The scene looks almost lunar. Drone videos covering more than a thousand miles of the Ukrainian front line show great craters of earth, scooped from the ground by unseen barrages.
Artillery has dominated the war in Ukraine. But nearly 18 months in, a significant gap still remains between the shells Ukraine wants and how fast European and American factories can supply them. And concerns are rising that Europe’s patchwork of arms manufacturers is ill-suited to meet these needs.
Away from the front, Ukraine’s war has become a numbers game: who can acquire, make and resupply more tanks, bullets, and, most of all, artillery shells.
Amid their counteroffensive, Ukrainian guns are firing up to 6,000 rounds daily, Ukrainian MP Oleksandra Ustinova told CNN, but the military wants to shoot more than 10,000. Even that is a fraction of the 60,000 shells that Russia was using at the peak of its barrages this year, per an Estonian and Ukrainian government analysis.
All in all, Kyiv needs some 1.5 million artillery shells annually, according to the CEO of one of Europe’s largest arms manufacturers, Rheinmetall.
By July, the US had supplied more than 2 million artillery rounds to Ukraine since the 2022 invasion, the Pentagon said. The European Union has supplied at least a quarter of million this year, in addition to bilateral donations directly between individual member states and Ukraine. The United Kingdom, too, has also donated ammunition.
But in February 2023, Europe-wide production of artillery ammunition had a maximum capacity of 300,000 shells annually, Estonian defense officials estimated.
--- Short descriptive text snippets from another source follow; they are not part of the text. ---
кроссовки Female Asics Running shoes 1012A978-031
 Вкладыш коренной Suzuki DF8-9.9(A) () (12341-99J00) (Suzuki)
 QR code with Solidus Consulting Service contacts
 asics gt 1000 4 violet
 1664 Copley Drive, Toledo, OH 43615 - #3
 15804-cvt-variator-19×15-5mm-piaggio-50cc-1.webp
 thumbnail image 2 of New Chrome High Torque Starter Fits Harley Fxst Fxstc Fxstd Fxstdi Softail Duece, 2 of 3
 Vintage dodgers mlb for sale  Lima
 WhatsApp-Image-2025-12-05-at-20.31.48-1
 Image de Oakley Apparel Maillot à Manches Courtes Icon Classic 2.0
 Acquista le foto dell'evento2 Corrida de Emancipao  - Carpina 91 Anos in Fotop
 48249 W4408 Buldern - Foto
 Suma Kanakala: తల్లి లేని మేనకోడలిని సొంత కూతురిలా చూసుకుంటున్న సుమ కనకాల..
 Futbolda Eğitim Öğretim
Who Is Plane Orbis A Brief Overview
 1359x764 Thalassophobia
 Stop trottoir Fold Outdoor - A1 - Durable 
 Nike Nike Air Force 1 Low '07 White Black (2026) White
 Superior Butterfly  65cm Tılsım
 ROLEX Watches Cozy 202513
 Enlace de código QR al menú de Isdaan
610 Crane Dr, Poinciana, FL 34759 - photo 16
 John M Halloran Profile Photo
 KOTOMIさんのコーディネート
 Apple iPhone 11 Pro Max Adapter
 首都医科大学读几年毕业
The best-case scenario of an increase to making 2.1 million shells annually is still years away from being realized.
With European stocks depleted and existing production lines overwhelmed, ammunition buyers are keen to get their hands on whatever’s available. In an interview with CNN, the CEO of shell casing manufacturer Europlasma described the buyers’ message as: “We’ll take all you can make.”